Abstract

Reaction of starch 1 dissolved in dimethyl sulfoxide (DMSO) with bulky thexyldimethylchlorosilane (TDSCl) in the presence of pyridine leads to regioselectively functionalized silyl ethers with a degree of substitution (DS) up to 1.8. The control of the DSSi, of the regioselectivity, and of the reaction pathway is described in detail. The reaction proceeds homogeneously up to DSSi of 0.6. With ongoing silylation the polymers form a separate phase incorporating the silylating agent to form TDS-starches with DSSi values higher than 1.0. After peracetylation of the silyl starches, the substitution pattern has been characterized not only in the anhydroglucose repeating units (AGU) but also in the non-reducing terminal end groups (TEG) by means of two-dimensional 1H NMR techniques. Up to DSSi 1.0, a very high regioselective functionalization of the primary 6-OH groups in the AGU as well as in the TEG is detectable.
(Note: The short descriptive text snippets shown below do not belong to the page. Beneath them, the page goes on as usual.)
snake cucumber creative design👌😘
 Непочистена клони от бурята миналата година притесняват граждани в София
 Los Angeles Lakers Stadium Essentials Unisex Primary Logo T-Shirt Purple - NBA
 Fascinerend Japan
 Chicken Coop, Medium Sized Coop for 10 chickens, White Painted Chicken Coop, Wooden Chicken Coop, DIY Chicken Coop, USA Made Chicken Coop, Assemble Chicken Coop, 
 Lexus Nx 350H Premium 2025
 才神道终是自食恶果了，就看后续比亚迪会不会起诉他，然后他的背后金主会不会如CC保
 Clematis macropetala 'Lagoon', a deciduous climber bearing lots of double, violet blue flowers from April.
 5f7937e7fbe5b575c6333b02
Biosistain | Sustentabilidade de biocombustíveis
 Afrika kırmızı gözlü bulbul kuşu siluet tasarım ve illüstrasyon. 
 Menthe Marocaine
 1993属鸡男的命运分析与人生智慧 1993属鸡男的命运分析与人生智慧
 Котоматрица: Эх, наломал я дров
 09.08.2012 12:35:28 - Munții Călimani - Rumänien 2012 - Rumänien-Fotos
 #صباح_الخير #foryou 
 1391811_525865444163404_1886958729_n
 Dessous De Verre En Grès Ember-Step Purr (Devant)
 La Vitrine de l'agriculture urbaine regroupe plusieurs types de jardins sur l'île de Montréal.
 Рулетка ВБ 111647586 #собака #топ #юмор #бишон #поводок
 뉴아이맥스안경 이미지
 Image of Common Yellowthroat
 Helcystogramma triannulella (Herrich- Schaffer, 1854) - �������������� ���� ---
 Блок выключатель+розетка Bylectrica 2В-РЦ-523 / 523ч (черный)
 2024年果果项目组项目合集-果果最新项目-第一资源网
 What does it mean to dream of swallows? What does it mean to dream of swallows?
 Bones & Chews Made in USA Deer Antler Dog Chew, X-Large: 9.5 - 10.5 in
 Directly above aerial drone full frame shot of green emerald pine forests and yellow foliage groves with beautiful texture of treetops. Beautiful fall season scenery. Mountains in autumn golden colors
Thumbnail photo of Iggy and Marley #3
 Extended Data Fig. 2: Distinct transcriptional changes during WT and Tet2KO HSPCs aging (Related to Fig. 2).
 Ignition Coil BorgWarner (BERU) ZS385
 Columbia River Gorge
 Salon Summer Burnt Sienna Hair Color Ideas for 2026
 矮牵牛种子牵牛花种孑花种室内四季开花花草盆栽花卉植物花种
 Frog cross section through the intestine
With increasing silylation (DSSi > 1.0), the subsequent silylation takes place at the 2-OH groups of the AGU and at the 3-OH groups of the TEG. These results are compared with our own investigations on the silylation of starch in the reaction system N-methylpyrrolidone (NMP)/ammonia and on the silylation of cellulose in N,N-dimethylacetamide (DMA)/LiCl/pyridine solution.